I’ve been thinking a lot about how emotions shape us, particularly when navigating grief. After loss we can find ourselves spilling out everywhere, all of our feelings leaking out of every pore of our beings. In these moments we find ourselves randomly weeping in the grocery store or yelling at someone for taking a parking space. Sadness and irritability come and go quickly. Emotions run wild and we don’t recognize ourselves or our reactions. We can feel completely out of control. But then there’s another thing that can happen. We can go inside ourselves, pull down the curtains, and lock our emotions away.


Why do we do this?


Well mostly to survive I suspect. Loss can wreck us. Breathing and existing become almost unfathomable in moments of grief. One response to this suffering is to try to rein it in. To try to make it hurt less (nothing will make it better). But our minds try to tell us that if we pull in, if we control a bit more, maybe then we’ll have a handle on our emotions. Maybe we can breathe a bit.
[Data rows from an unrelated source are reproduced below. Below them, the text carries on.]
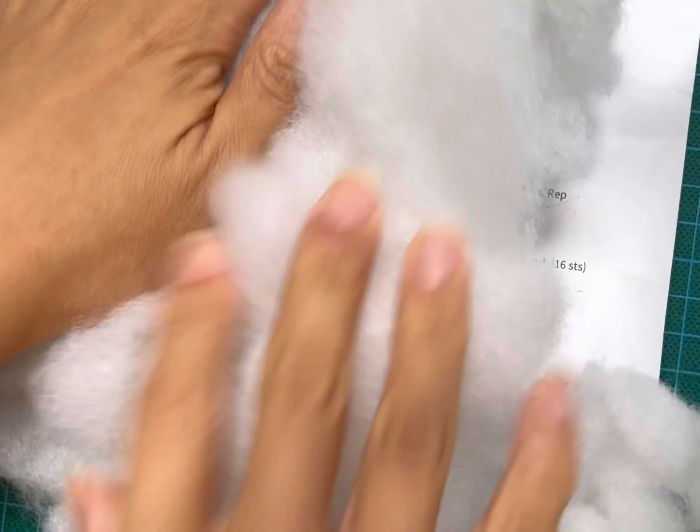This is my polyfill — there are many different kinds in the market. I don't really see a difference, but there are people who use pure cotton. This is polyester, it's a bit more bouncy. Some people prefer to use cotton ones because they want it to be organic.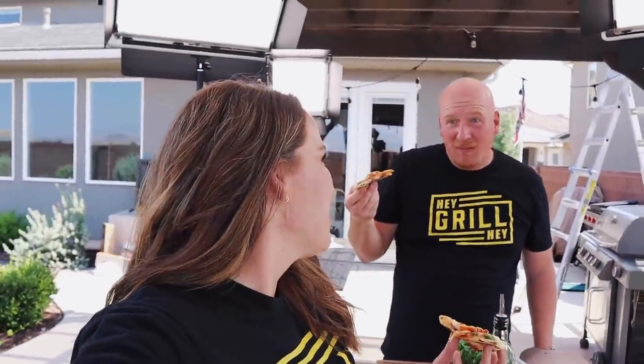You guys need to make this pizza at home! When you do, snap a photo and use the hashtag HeyGrillHey when you post to social media so I can see it and cheer you on your journey to becoming a backyard barbecue hero. I want to see all the fun things you put on your homemade grilled pizza crust — whether it's barbecue chicken or otherwise.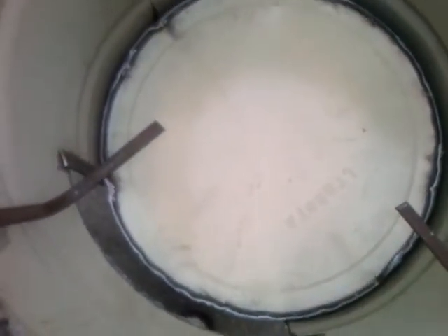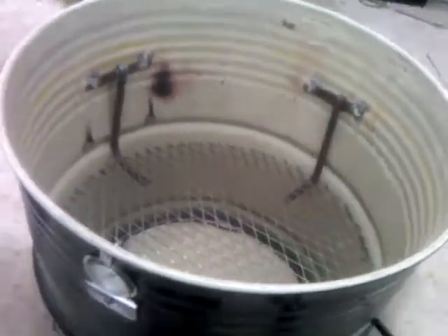This is the baffle plate at the bottom. Again, that is optional. Second grate — it's easy as that. Slide these back in there, then you can put the top grate on. It's easy as that.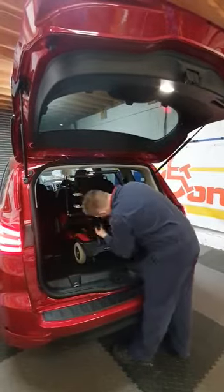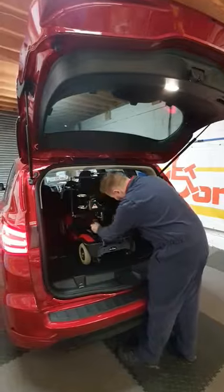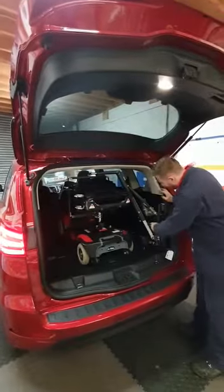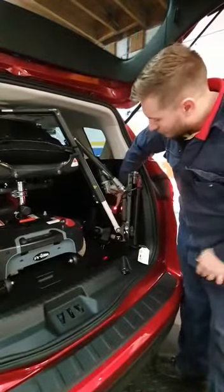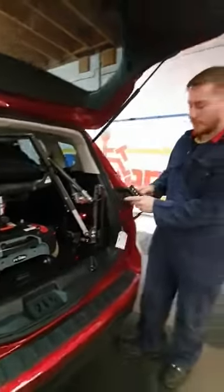The first thing we do is disconnect the seatbelt, which we just loop around the seat post here. Then just through here we have our on/off button. As you can see it switches on and off — you get the red LED on there and you get a flashing one on the handset.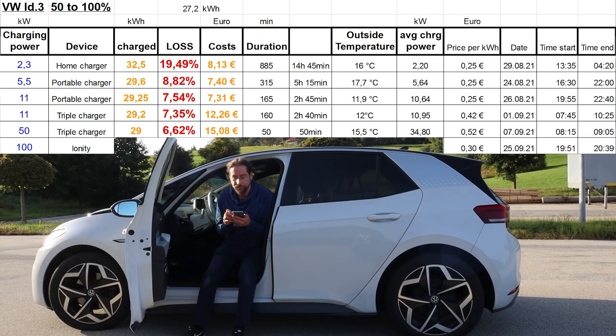Yesterday I went to an Ionity charger. The car is capable of charging with 100 kilowatt, and therefore there's also cooling involved — higher charging loss, because the battery has to be actively cooled with a fan and the AC goes on. But I charged from 50 to 100% at 17.5 degrees. The battery got up to 32 degrees, but the cooling fan never went on and the charging power never went above 45 kilowatt. So it's almost the same charging power as with the 50 kilowatt charger — because I started at 50%.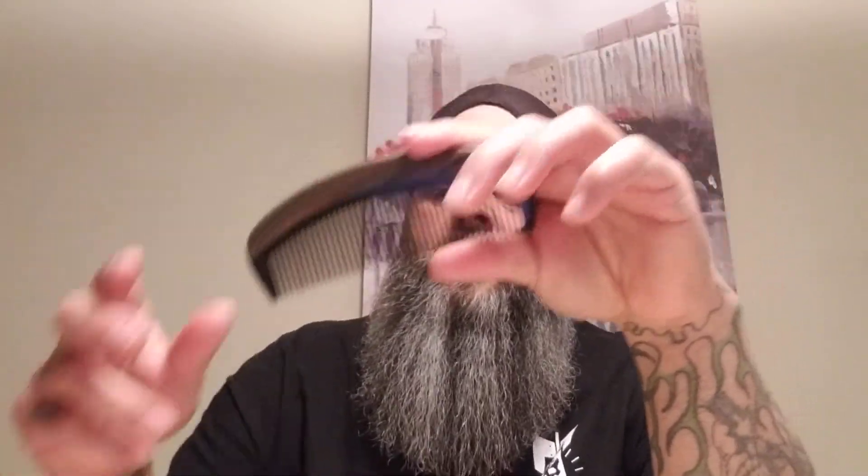The next comb I still use but kind of replaced the wooden comb with is an ox horn comb. If you don't have an ox horn comb, you really need to get one. The teeth are even longer on this one. It glides through my beard better than every other comb — it doesn't really snag that much, it goes through really easy. That really surprised me because I wasn't expecting that. This is a must-have comb if you've got a bigger beard, especially if it's coarse and curly.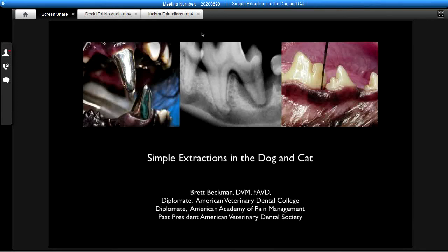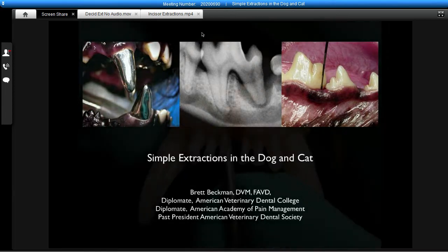Good evening and welcome everyone to Simple Extractions in the Dog and the Cat. I'm Brett Beckman. I'm a veterinary dentist and also a diplomat in the American Academy of Pain Management.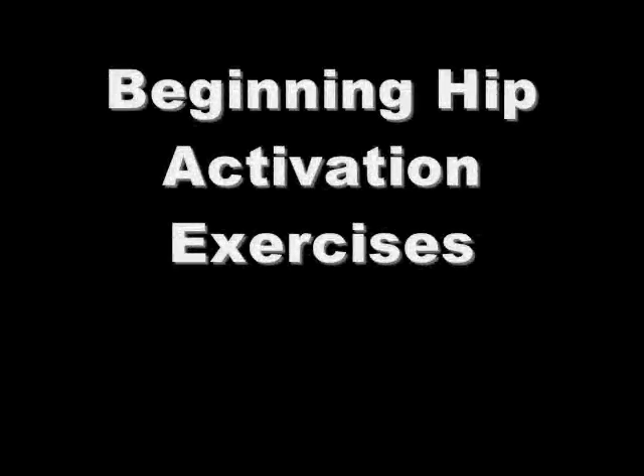Beginning hip activation exercises. Perform all activation movements for 3 sets of 10 reps.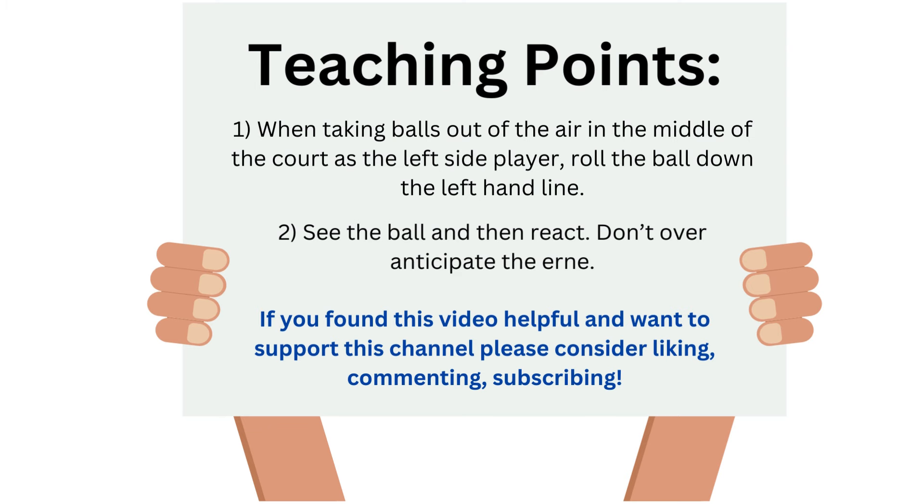As always, thank you for watching this video. If you want to support this channel, please consider liking or commenting on this video and subscribing. Happy pickling.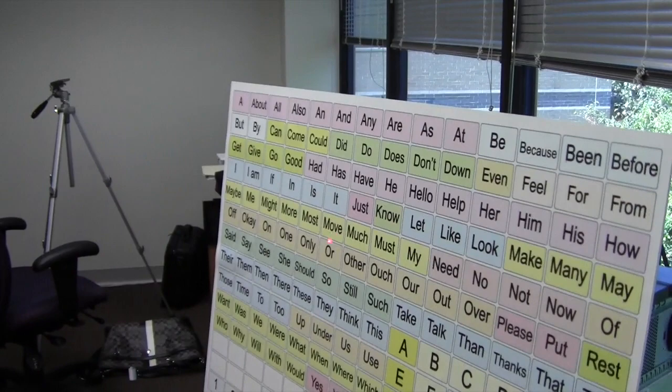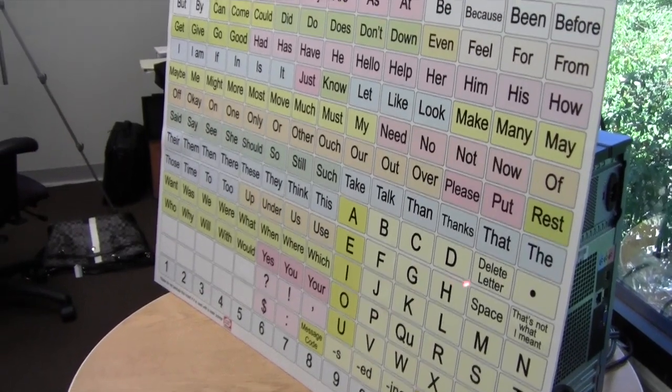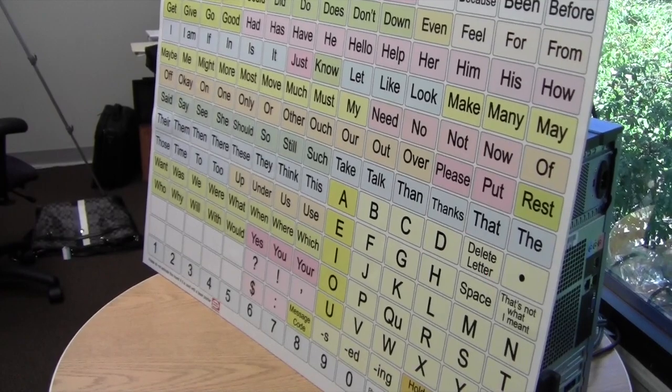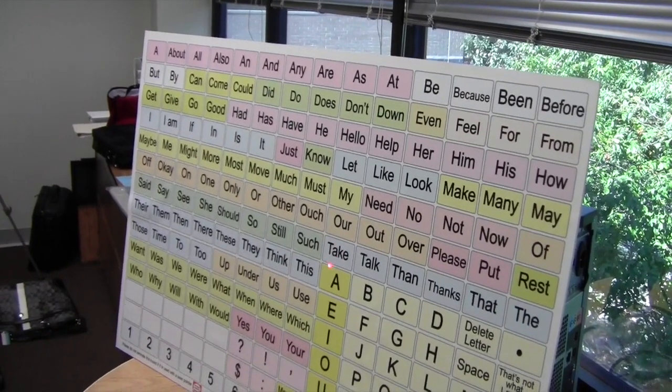I could say "my" and then "hand" — H — and move my hand, and I did that simply by putting the laser pointer on my hand.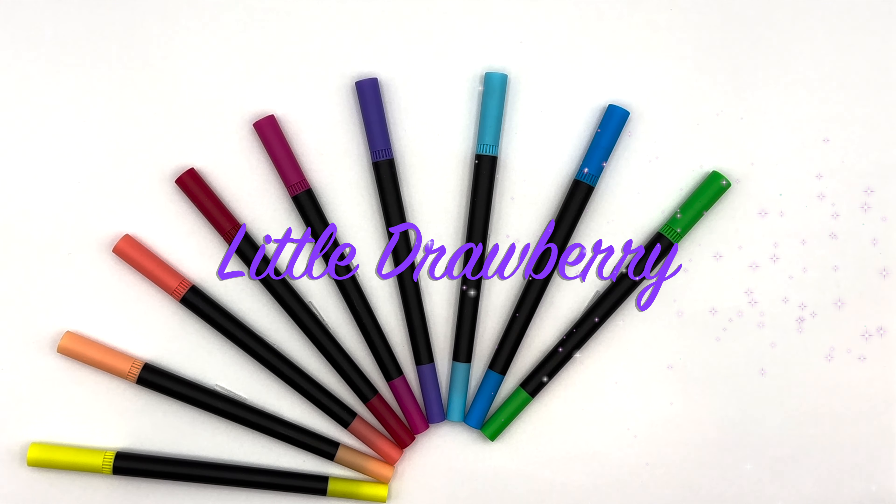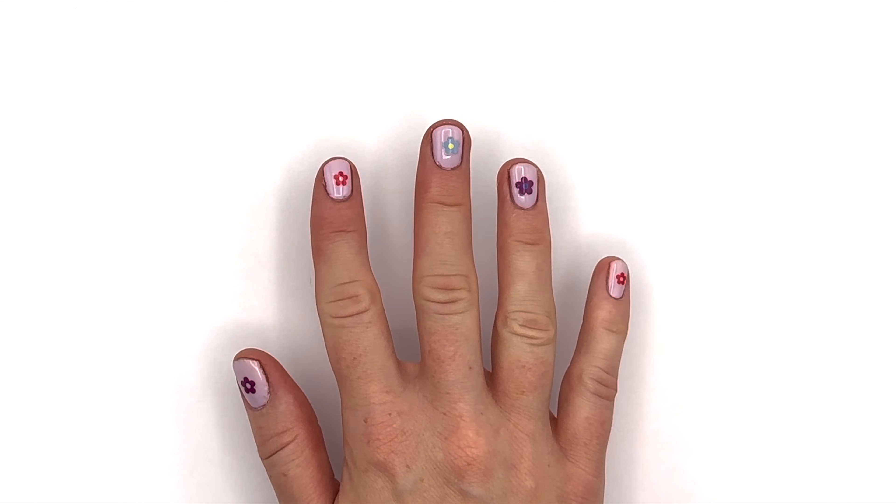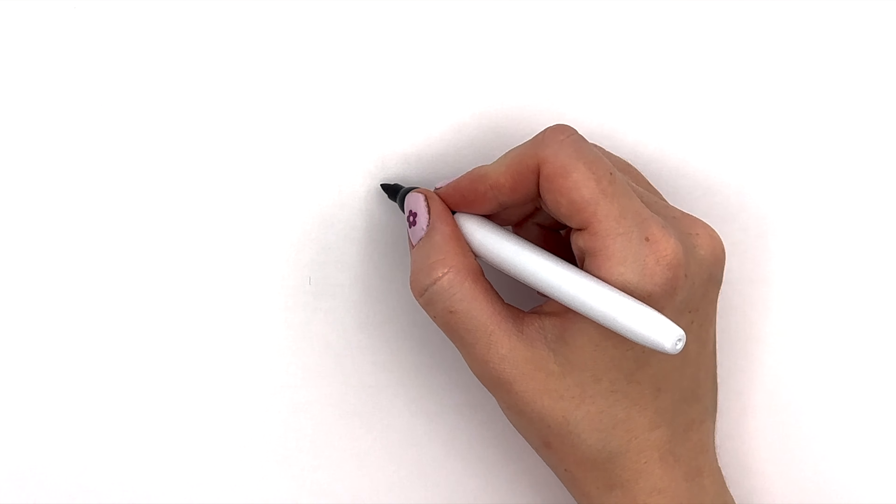Hi guys, I'm Eve. Do you like the flowers on my nails? Today I will show you how to draw one. Let's get started!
What are the consequences?


We may be able to get through the day. We may even appear somewhat successful in our lives. Perhaps if we are able to lock the emotions away deep enough we might look like we are “back to normal”. The thing is that usually boxing up one’s emotions isn’t a long term solution. Typically those feelings, those parts of us that are trying so hard to be “ok” come out. People around us may feel disconnected from us, because what they are experiencing when they’re with us isn’t really us, it’s a mask we’ve put on to appear ok. We aren’t connecting with those around us in real and authentic ways.


Can we make it better?


Yes, I think we can. At least the emotions part. The loss part is always going to suck. So first let’s acknowledge that, grief is going to shape who we are and how we navigate the world. But that doesn’t have to be the end. In connecting with others there is an opportunity for healing, which can bring hope. Accessing our emotions and exploring ourselves allows us to make space for others. When we reflect honestly what is happening for us we are able to find empathy, love, and hopefulness. This can help us to experience our emotions without feeling completely overwhelmed by them.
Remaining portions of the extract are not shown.